I think it’s interesting that there can be so many different points of view about Altman and which films are the best. From my perspective it has to do with what he represented when his films first came out, what those films meant when set against the movie landscape of the moment. For other people, younger than Glenn or myself, I’m sure it’s very different. Even if I don’t like NASHVILLE so much anymore, I still treasure the experience of seeing it for the first time.
I don’t buy the “smug and superior” line, and Robin Wood’s critique of Altman never had much traction for me – he could have made exactly the same argument about HIS GIRL FRIDAY. If I prefer M*A*S*H* to NASHVILLE, it’s because everything and everyone in it is shadowed by the war. At any rate, smugness and superiority have nothing to do with my problems with NASHVILLE.
I don’t understand why Altman’s statements in an interview about Geraldine Chaplin’s character should have any bearing on how we see her in the movie. Nor do I care about Altman’s offscreen life – why should it make a difference?
I agree with Preston – Altman is not at all a deep issue kind of filmmaker. Most great filmmakers aren’t. My problems are with the movies that TRY to deal with big issues. NASHVILLE may indeed play best as a “loose essay on celebrity,” but to recast it as such is to leave out a lot of its rhetorical moves. On the other hand, I don’t see any “mawkish parody” in the movie. Just a lot of shallow conceptions. To me, any number of characters and situations within the film could have served as the basis of a great movie – Lily Tomlin and her kids most of all – but instead they’re stuck in this one.
Oy – up above I wrote that Tomlin’s character is married to Garfield. Dead wrong, of course – her scene with Ned Beatty and the kids is great.
Tomlin has one scene where she’s totally out of character, and in that caricaturish Altman way–talking in a cornpone accent and telling some story that either should’ve come from one of the other characters or else has to make us think less of her than the film would otherwise have it.
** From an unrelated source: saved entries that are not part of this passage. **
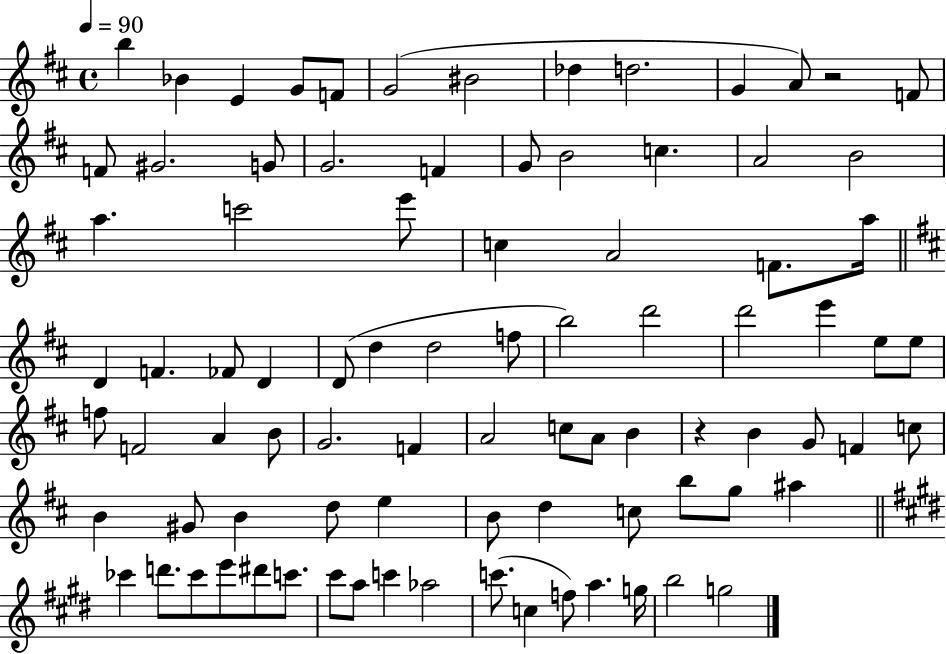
B5/q Bb4/q E4/q G4/e F4/e G4/h BIS4/h Db5/q D5/h. G4/q A4/e R/h F4/e F4/e G#4/h. G4/e G4/h. F4/q G4/e B4/h C5/q. A4/h B4/h A5/q. C6/h E6/e C5/q A4/h F4/e. A5/s D4/q F4/q. FES4/e D4/q D4/e D5/q D5/h F5/e B5/h D6/h D6/h E6/q E5/e E5/e F5/e F4/h A4/q B4/e G4/h. F4/q A4/h C5/e A4/e B4/q R/q B4/q G4/e F4/q C5/e B4/q G#4/e B4/q D5/e E5/q B4/e D5/q C5/e B5/e G5/e A#5/q CES6/q D6/e. CES6/e E6/e D#6/e C6/e. C#6/e A5/e C6/q Ab5/h C6/e. C5/q F5/e A5/q. G5/s B5/h G5/h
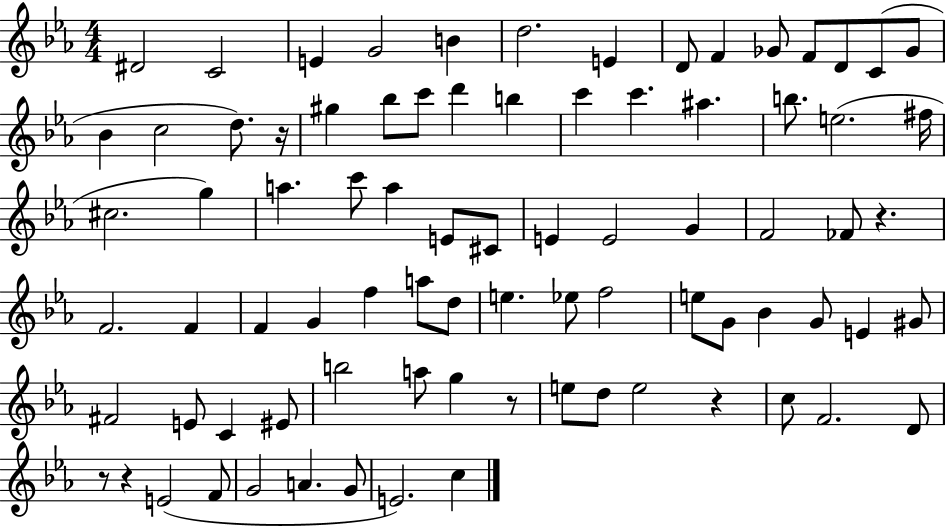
X:1
T:Untitled
M:4/4
L:1/4
K:Eb
^D2 C2 E G2 B d2 E D/2 F _G/2 F/2 D/2 C/2 _G/2 _B c2 d/2 z/4 ^g _b/2 c'/2 d' b c' c' ^a b/2 e2 ^f/4 ^c2 g a c'/2 a E/2 ^C/2 E E2 G F2 _F/2 z F2 F F G f a/2 d/2 e _e/2 f2 e/2 G/2 _B G/2 E ^G/2 ^F2 E/2 C ^E/2 b2 a/2 g z/2 e/2 d/2 e2 z c/2 F2 D/2 z/2 z E2 F/2 G2 A G/2 E2 c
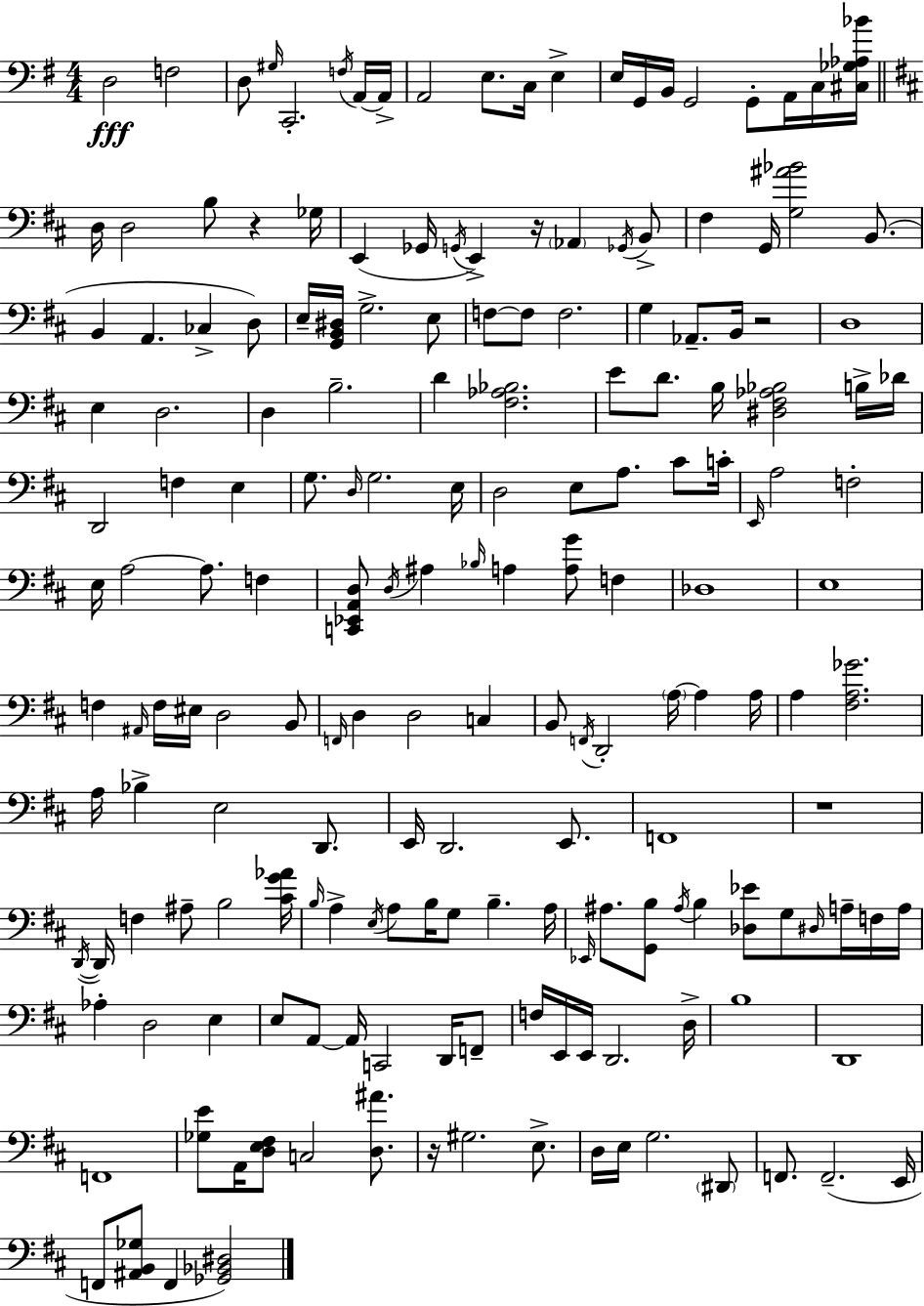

The critical line about Altman that’s always irked me is how he supposedly “detested” the genres he worked in, and the thesis seems to be that he deliberately shredded them in some pretentious hippie snit. But there’s a difference between despising something and seeing that it needs replenishing, and the movies usually made to serve as evidence–most notably “McCabe” and “Long Goodbye”–are actually incredibly observant of their respective conventions. The placement of “Hurray for Hollywood” doesn’t begin to diminish how shattering it is when Roger Wade drowns or Marty Augustine does his Coke bottle number, and the straw-haired gunslinger murders Carradine by employing the oldest trick in the Western book, and that scene’s shot as straight as an arrow. If Altman hated genre, then so did David Chase–a man who clearly adores the gangster form. It’s rather a case of them understanding that genres are robust enough to handle multiple layers of meaning.
(And just as a sidebar, something that really struck me about “They Drive by Night” when I saw it again was how tonally consistent it is with “Thieves”, especially the performances of the two women: O’Donnell, with her overalls, Cokes and smokes, is practically Duvall’s spiritual mirror. I’ve read Altman saying he’d never seen Ray’s movie, and I believe it, but I’d swear I can feel the earlier movie’s fingerprints all over the later one. It may just be the power of Edward Anderson’s novel coming through.)
Kent Jones: “I don’t understand why Altman’s statements in an interview about Geraldine Chaplin’s character should have any bearing on how we see her in the movie.”
It shouldn’t; just going for a joke based on the direction the conversation had gone in relation to Nashville and Chaplin, and warren oates’s comment in particular.
@Kent – “I think it’s interesting that there can be so many different points of view about Altman and which films are the best.”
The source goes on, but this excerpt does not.